Learning Outcomes: Students should demonstrate an understanding of variables that affect social structures and phenomena through one or more of the following areas: describe how individuals and groups are influenced by social, cultural, or political institutions; demonstrate an understanding of methods used in the social sciences and the ethical issues related to those methods; apply knowledge from at least one social science discipline to a contemporary social phenomena to assess its causes, consequences and ethical implications; analyze a social phenomenon using an appropriate method, including the formulation and testing of a hypothesis through data collection the analysis of relevant data as well as and a review of relevant literature. Social Science courses are designated with a (S) symbol on semester course listings.
Global/Cultural Perspectives Requirement
Learning Outcomes: Students will gain exposure of and demonstrate an understanding of various cultural experiences associated with living in a diverse world through one or more of the following areas: use appropriate language or terminology to describe cultural practices; articulate multiple perspectives in regard to various cultural practices; identify similarity and different cultural values, political structure, social networks, economics or religious/spiritual issues.
All Students must successfully complete one global/cultural experience and one foreign language experience. Global/Cultural Perspectives: courses are designated with a (G) symbol on semester course listings.
Personal Health and Wellness Requirement
Learning Outcomes: Students should have a thorough understanding of how to positively contribute to their own health and wellness through one of the following areas: students will assess their current state of health and wellness via completion of quantitative learning tools; student will demonstrate knowledge of current scientific data regarding cost and benefits of health choices; students will develop strategies to maintain lifelong physical, mental and social wellness. Personal Health and Wellness courses are designated with a (P) symbol on semester course listings.

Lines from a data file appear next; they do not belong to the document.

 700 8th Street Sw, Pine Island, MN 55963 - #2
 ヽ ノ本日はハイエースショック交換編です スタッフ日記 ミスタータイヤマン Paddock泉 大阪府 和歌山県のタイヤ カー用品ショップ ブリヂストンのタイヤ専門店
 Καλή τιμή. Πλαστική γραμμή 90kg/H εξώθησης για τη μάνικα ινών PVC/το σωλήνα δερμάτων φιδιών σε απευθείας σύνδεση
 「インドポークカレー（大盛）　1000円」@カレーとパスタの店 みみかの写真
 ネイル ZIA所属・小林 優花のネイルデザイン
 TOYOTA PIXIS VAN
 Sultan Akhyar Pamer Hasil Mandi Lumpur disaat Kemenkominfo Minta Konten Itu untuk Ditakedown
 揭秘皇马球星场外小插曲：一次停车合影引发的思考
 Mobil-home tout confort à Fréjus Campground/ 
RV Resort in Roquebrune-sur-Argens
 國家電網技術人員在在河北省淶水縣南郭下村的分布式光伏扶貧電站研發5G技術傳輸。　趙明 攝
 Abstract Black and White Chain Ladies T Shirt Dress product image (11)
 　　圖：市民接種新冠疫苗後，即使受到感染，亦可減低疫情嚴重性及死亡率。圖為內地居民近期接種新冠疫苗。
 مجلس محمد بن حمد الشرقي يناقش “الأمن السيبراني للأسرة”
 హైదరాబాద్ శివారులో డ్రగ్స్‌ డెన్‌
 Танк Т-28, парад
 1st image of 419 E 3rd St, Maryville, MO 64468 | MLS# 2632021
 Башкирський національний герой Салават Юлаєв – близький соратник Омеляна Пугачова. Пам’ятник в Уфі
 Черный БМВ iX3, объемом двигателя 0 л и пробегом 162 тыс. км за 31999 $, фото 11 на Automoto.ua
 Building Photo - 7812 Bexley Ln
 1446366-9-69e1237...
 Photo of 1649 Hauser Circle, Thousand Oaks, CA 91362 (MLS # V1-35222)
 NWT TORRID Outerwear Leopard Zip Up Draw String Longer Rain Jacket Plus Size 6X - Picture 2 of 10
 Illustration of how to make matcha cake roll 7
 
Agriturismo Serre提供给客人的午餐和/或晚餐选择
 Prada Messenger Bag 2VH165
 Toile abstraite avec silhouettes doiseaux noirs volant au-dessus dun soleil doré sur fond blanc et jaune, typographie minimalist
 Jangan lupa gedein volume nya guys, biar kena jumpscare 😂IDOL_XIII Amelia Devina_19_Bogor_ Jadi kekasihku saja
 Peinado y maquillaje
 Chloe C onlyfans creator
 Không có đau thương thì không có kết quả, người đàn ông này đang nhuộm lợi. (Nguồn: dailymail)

While the University is committed to the General Education requirements as the foundation of a broad liberal arts education, it is also recognized that in a few extraordinary situations (for example, a student with two majors with foreign study and/or internship requirements) a student may have difficulty scheduling the completion of the General Education requirements. In such cases, a student may petition the Office of Academic Affairs for Special Exemptions from not more than two courses in the General Education requirements. Petitioning students must have a minimum 3.00 grade point average and have completed not more than 60 semester hours of university credit. All exemptions will be reviewed on an individual basis and do not reduce the 120 hours required for graduation.